> **Records from a data collection**
----

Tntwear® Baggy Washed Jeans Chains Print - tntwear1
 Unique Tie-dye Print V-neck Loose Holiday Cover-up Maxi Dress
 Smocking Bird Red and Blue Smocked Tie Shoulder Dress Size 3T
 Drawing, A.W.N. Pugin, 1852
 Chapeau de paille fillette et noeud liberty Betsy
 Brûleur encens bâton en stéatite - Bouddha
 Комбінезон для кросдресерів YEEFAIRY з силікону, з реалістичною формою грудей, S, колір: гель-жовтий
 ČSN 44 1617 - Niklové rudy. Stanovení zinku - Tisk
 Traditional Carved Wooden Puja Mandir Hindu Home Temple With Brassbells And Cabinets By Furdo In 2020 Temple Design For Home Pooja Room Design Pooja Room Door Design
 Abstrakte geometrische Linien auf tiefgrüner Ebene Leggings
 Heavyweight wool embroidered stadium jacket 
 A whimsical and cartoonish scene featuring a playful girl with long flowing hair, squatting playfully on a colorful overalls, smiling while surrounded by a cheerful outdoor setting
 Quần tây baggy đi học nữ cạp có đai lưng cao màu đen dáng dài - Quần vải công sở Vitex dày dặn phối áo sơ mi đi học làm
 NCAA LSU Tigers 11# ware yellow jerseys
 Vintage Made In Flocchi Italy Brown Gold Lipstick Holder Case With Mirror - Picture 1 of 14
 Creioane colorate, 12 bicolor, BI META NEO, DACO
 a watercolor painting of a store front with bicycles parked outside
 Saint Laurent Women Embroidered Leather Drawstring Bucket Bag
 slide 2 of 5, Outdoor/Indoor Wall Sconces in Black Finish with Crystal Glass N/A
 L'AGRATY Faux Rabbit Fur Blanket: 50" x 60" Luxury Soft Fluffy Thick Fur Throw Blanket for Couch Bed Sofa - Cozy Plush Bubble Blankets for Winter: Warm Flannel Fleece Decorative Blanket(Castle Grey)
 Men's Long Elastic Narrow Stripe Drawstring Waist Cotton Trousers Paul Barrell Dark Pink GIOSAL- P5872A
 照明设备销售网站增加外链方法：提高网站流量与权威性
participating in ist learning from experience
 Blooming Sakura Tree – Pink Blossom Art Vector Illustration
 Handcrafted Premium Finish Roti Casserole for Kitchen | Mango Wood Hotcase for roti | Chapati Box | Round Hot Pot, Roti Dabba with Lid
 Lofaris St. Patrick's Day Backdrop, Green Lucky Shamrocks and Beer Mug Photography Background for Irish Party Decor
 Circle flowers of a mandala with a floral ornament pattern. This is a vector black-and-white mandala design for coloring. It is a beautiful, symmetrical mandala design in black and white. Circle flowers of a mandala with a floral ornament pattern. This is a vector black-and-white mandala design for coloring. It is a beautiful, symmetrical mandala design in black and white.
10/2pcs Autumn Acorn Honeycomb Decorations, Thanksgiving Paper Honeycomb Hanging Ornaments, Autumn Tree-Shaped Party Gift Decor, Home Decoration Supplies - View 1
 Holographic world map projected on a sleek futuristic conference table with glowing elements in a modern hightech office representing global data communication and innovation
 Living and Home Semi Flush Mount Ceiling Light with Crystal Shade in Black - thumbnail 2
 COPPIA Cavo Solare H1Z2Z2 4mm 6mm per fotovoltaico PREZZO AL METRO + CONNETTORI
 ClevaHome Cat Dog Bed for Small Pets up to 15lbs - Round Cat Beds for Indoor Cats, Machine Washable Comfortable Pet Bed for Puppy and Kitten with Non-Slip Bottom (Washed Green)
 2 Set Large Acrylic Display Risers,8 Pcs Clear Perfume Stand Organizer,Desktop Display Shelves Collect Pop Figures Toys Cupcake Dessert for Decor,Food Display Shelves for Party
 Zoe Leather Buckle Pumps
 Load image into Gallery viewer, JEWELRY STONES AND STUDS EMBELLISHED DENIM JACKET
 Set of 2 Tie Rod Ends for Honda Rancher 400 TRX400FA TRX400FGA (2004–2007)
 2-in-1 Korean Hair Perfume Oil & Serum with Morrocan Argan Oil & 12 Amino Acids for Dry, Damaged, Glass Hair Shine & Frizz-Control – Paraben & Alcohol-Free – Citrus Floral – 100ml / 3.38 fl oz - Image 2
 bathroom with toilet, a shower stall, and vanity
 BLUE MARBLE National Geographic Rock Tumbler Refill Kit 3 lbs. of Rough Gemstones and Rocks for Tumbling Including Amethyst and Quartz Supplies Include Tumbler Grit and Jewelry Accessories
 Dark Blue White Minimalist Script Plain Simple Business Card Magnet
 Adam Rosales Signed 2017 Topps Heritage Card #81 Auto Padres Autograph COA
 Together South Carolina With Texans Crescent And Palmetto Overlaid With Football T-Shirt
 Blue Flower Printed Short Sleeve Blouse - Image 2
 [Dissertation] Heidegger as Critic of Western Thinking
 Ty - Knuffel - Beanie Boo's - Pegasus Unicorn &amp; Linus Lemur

----

> **What to work on**
The stretch of entries above that starts with the line containing "Vintage Made In" and goes on through the line containing "Blooming Sakura Tree" is to be transcribed exactly, and no other line is to be transcribed.

> **Task answer**
 Vintage Made In Flocchi Italy Brown Gold Lipstick Holder Case With Mirror - Picture 1 of 14
 Creioane colorate, 12 bicolor, BI META NEO, DACO
 a watercolor painting of a store front with bicycles parked outside
 Saint Laurent Women Embroidered Leather Drawstring Bucket Bag
 slide 2 of 5, Outdoor/Indoor Wall Sconces in Black Finish with Crystal Glass N/A
 L'AGRATY Faux Rabbit Fur Blanket: 50" x 60" Luxury Soft Fluffy Thick Fur Throw Blanket for Couch Bed Sofa - Cozy Plush Bubble Blankets for Winter: Warm Flannel Fleece Decorative Blanket(Castle Grey)
 Men's Long Elastic Narrow Stripe Drawstring Waist Cotton Trousers Paul Barrell Dark Pink GIOSAL- P5872A
 照明设备销售网站增加外链方法：提高网站流量与权威性
participating in ist learning from experience
 Blooming Sakura Tree – Pink Blossom Art Vector Illustration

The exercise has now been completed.